Single by Millicent Martin
- B-side: "If I Can Help Somebody"
- Released: 1963
- Recorded: 23 November 1963
- Genre: Pop
- Label: ABC-Paramount Records A45-10514
- Songwriters: Herb Kretzmer, David Lee

= In the Summer of His Years (song) =

1963 song by Herb Kretzmer and David Lee

"In the Summer of His Years" is a 1963 pop song with lyrics written by Herb Kretzmer and music by David Lee. Kretzmer and Lee composed the song as a tribute hours after learning that President John F. Kennedy had been assassinated on November 22, 1963 in Dallas, Texas.

"In the Summer of His Years" was first performed by English singer Millicent Martin during a tribute broadcast to President Kennedy that aired on the BBC on 23 November 1963. The show on which the song was introduced was a special broadcast of the BBC's satirical weekly news programme That Was the Week That Was; after the news of the assassination broke, the producers of the show discarded the week's planned scripts and sketches and decided to refashion that week's show as a somber and respectful tribute to President Kennedy. NBC later rebroadcast the programme. A soundtrack to the That Was the Week That Was broadcast was also released in the United States on Decca Records.

==Other versions==
After the song was performed on the BBC, several other artists recorded and released the song as a single. Mahalia Jackson recorded the song on November 29, 1963 which was released by Columbia Records; Connie Francis recorded her own version on December 2, 1963, followed by its immediate release on MGM. The arrangement was provided by Claus Ogerman who also conducted the recording. Other artists to record the song included Kate Smith (for RCA Victor), Toni Arden (for Decca Records, Bobby Rydell, and Hettie Palance (for Palance Records).

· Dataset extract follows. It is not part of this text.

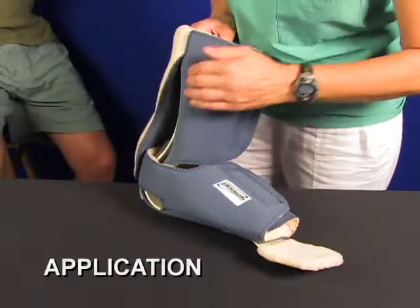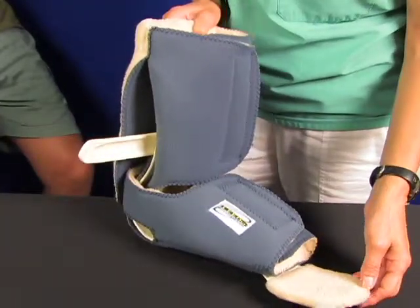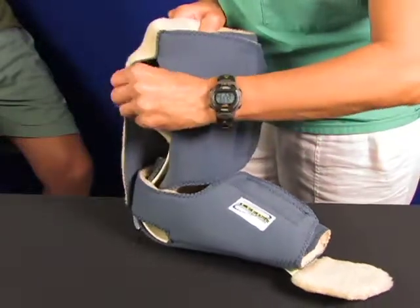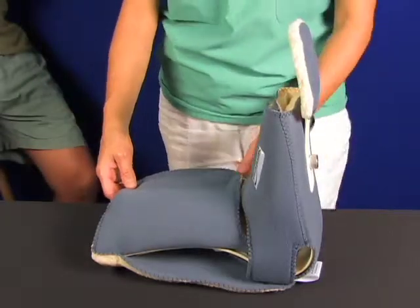Now we see the boot ready for fitting. This is the anti-rotation bar that locks into place 90 degrees on either side to keep hip rotation under control. When not in use, it snaps back up and out of the way. Note how all plastic is completely covered, protecting your patient.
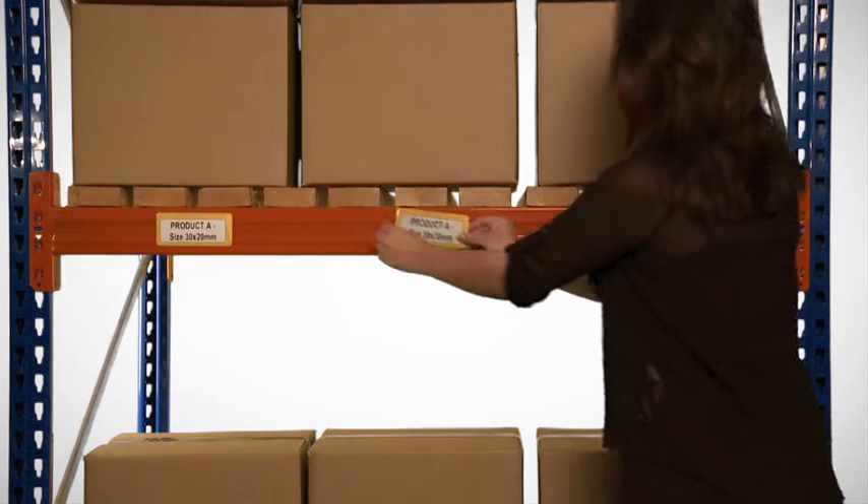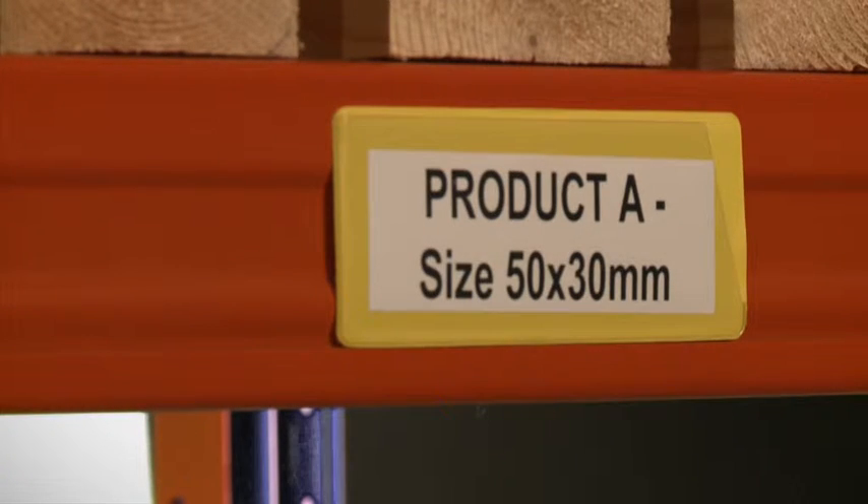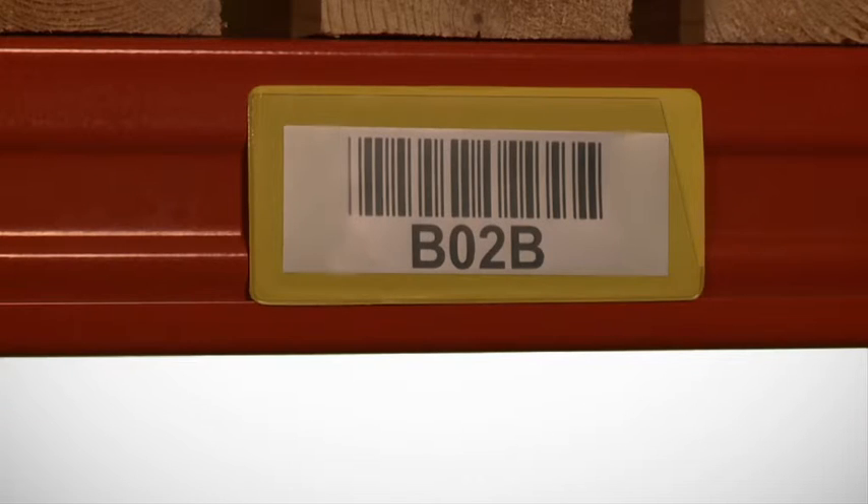A range of flexible yellow PVC ticket pockets for rack and beam identification, which have a clear PVC front that opens on the top and side, allowing a card or ticket to be quickly inserted or removed. Barcodes can be scanned through the clear front without removing the ticket.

Of the various versions of "In the Summer of His Years," only Francis' and Martin's recordings achieved enough sales action to chart on Billboard. Martin's single, released on the ABC-Paramount label, "Bubbled Under" the Hot 100 singles chart, peaking at No. 104, and Francis' version was nearly a Top 40 hit, peaking at No. 46 and No. 21 in Canada. On the Cash Box magazine Top 100 chart, the sales of Francis' and Martin's singles were combined, and the song peaked at No. 31.

However, no version of the song was granted a single release in the U.K., and in the United States, the song, even though recorded by major artists, was refused airplay by many major radio stations. An article in the December 14, 1963, issue of Billboard quoted station managers of several radio stations in New York and Chicago as saying they would not play the song because they felt it would be "in poor taste to capitalize on a such a tragic situation". Other station managers said they stopped playing the song after initially playing Millicent Martin's version because of apparent lack of listener interest or because they simply thought the song itself was of poor quality.

All the proceeds of Francis' single and her subsequent album of the same name were donated to the family of J. D. Tippit, a policeman who was also fatally shot in Dallas on November 22, 1963. Francis' version of the song is considered one of the earliest charity records.